The problem:
All entries should be copied exactly, none left out.

*****

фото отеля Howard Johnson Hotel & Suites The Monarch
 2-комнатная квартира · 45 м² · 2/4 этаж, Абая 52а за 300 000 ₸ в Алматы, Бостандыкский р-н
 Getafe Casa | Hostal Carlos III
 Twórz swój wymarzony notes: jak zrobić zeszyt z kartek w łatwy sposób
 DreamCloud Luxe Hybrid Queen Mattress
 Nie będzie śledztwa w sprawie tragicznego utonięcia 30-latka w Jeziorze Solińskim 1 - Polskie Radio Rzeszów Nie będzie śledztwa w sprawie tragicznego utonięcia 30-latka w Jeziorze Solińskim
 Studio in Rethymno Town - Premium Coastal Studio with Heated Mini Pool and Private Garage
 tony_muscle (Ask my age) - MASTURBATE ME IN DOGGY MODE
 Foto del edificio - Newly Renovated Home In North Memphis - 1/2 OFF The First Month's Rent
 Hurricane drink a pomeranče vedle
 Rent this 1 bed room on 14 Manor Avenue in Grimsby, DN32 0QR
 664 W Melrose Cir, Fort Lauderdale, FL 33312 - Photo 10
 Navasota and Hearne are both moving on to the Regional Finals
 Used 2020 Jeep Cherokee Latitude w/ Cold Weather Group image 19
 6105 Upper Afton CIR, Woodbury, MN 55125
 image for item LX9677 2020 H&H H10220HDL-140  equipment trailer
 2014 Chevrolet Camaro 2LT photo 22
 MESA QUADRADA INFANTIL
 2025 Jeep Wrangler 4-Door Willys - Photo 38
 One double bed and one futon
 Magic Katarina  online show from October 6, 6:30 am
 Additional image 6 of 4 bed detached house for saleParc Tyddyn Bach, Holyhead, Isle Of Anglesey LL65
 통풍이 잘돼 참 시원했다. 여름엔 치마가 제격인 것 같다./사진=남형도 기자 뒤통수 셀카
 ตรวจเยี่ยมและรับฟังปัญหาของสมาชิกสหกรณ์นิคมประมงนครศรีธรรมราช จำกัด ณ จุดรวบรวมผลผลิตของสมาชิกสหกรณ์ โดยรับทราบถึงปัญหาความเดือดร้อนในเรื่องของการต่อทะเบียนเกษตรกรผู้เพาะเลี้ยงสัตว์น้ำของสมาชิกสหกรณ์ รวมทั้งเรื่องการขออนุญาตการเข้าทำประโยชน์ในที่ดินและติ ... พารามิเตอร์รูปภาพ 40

*****

Output for this exercise:
фото отеля Howard Johnson Hotel & Suites The Monarch
 2-комнатная квартира · 45 м² · 2/4 этаж, Абая 52а за 300 000 ₸ в Алматы, Бостандыкский р-н
 Getafe Casa | Hostal Carlos III
 Twórz swój wymarzony notes: jak zrobić zeszyt z kartek w łatwy sposób
 DreamCloud Luxe Hybrid Queen Mattress
 Nie będzie śledztwa w sprawie tragicznego utonięcia 30-latka w Jeziorze Solińskim 1 - Polskie Radio Rzeszów Nie będzie śledztwa w sprawie tragicznego utonięcia 30-latka w Jeziorze Solińskim
 Studio in Rethymno Town - Premium Coastal Studio with Heated Mini Pool and Private Garage
 tony_muscle (Ask my age) - MASTURBATE ME IN DOGGY MODE
 Foto del edificio - Newly Renovated Home In North Memphis - 1/2 OFF The First Month's Rent
 Hurricane drink a pomeranče vedle
 Rent this 1 bed room on 14 Manor Avenue in Grimsby, DN32 0QR
 664 W Melrose Cir, Fort Lauderdale, FL 33312 - Photo 10
 Navasota and Hearne are both moving on to the Regional Finals
 Used 2020 Jeep Cherokee Latitude w/ Cold Weather Group image 19
 6105 Upper Afton CIR, Woodbury, MN 55125
 image for item LX9677 2020 H&H H10220HDL-140  equipment trailer
 2014 Chevrolet Camaro 2LT photo 22
 MESA QUADRADA INFANTIL
 2025 Jeep Wrangler 4-Door Willys - Photo 38
 One double bed and one futon
 Magic Katarina  online show from October 6, 6:30 am
 Additional image 6 of 4 bed detached house for saleParc Tyddyn Bach, Holyhead, Isle Of Anglesey LL65
 통풍이 잘돼 참 시원했다. 여름엔 치마가 제격인 것 같다./사진=남형도 기자 뒤통수 셀카
 ตรวจเยี่ยมและรับฟังปัญหาของสมาชิกสหกรณ์นิคมประมงนครศรีธรรมราช จำกัด ณ จุดรวบรวมผลผลิตของสมาชิกสหกรณ์ โดยรับทราบถึงปัญหาความเดือดร้อนในเรื่องของการต่อทะเบียนเกษตรกรผู้เพาะเลี้ยงสัตว์น้ำของสมาชิกสหกรณ์ รวมทั้งเรื่องการขออนุญาตการเข้าทำประโยชน์ในที่ดินและติ ... พารามิเตอร์รูปภาพ 40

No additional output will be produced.